Security

My customer has a fairly simple implementation of MobileIron as an endpoint context server.  The role mapping policy was created to set a role based on attributes in MobileIron:  Ownership == Employee or Corporate, and OS Version.

After upgrading from 6.6.x to 6.7.9, the polling data from MobileIron is incorrect. 

What we're seeing indicates that ClearPass is not parsing the ":" delimiter, e.g. the hostname should be "ABCD1234" but instead shows as "ABCD1234:iOS 11.4:PDA"; the OS Version is incorrect (should say "11.4", now says "iPhone"), and the Ownership attribute is always wrong (says "Employee" for all endpoints now, regardless of the value in MobileIron).

This is obviously causing havoc in the role mapping policy, and has forced us to put in workarounds which essentially ignore all of the MobileIron context.

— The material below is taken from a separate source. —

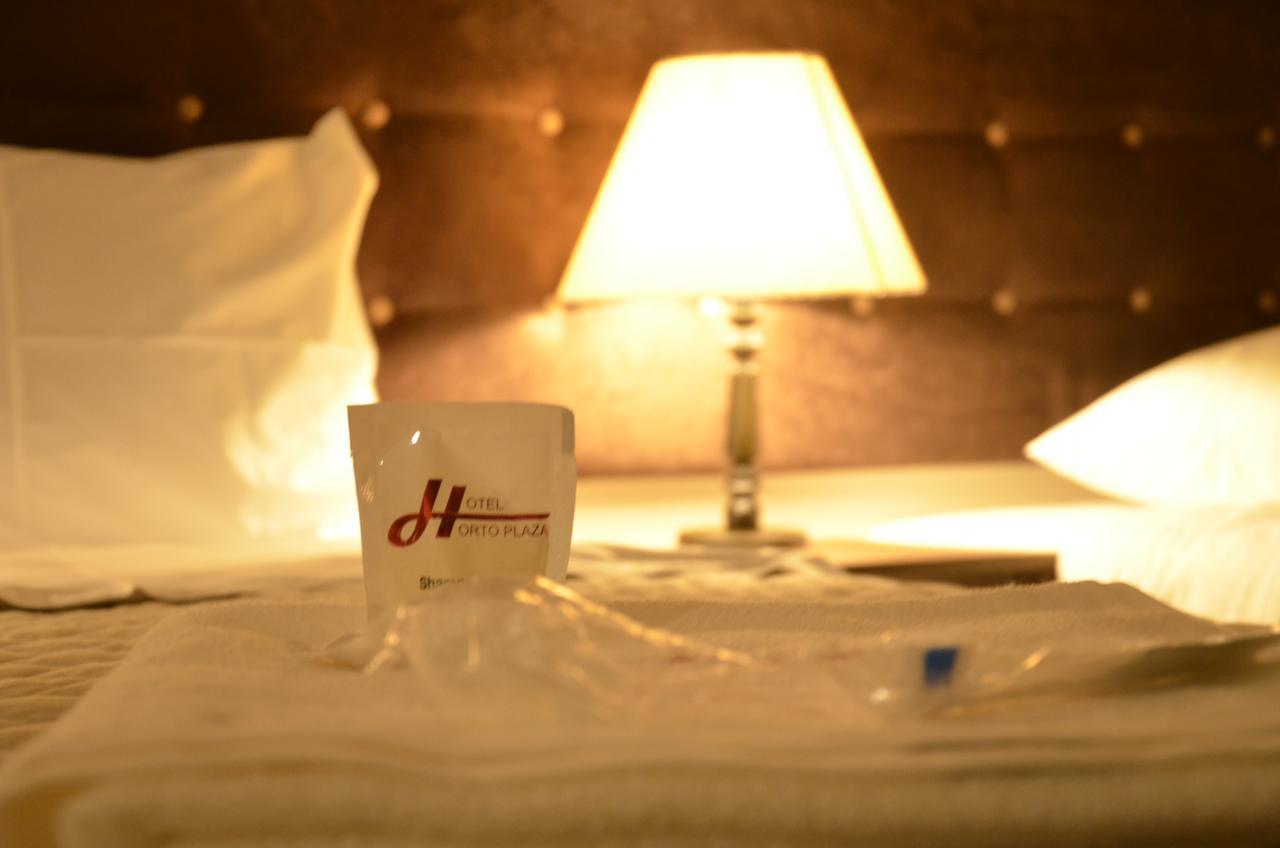 Horto Plaza Hotel Hortolândia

TAC's only suggestion is to upgrade to 6.8.0 (which isn't available yet, so how is this a solution???) so I was wondering if anyone else has seen this and if you found a solution?

6.8.0 is available through asp or mnp, dont see it yet in the support.arubanetworks.com portal

-EDIT- Now it is also available at support.arubanetworks.com

It is available

https://support.arubanetworks.com/DownloadSoftware/tabid/75/DMXModule/510/EntryId/33718/Default.aspx

Ok, so now 6.8.0 is available, but there's nothing in the release notes about this specific issue with MobileIron.  TAC has filed a bug report so we'll have to wait and see if there will be a patch.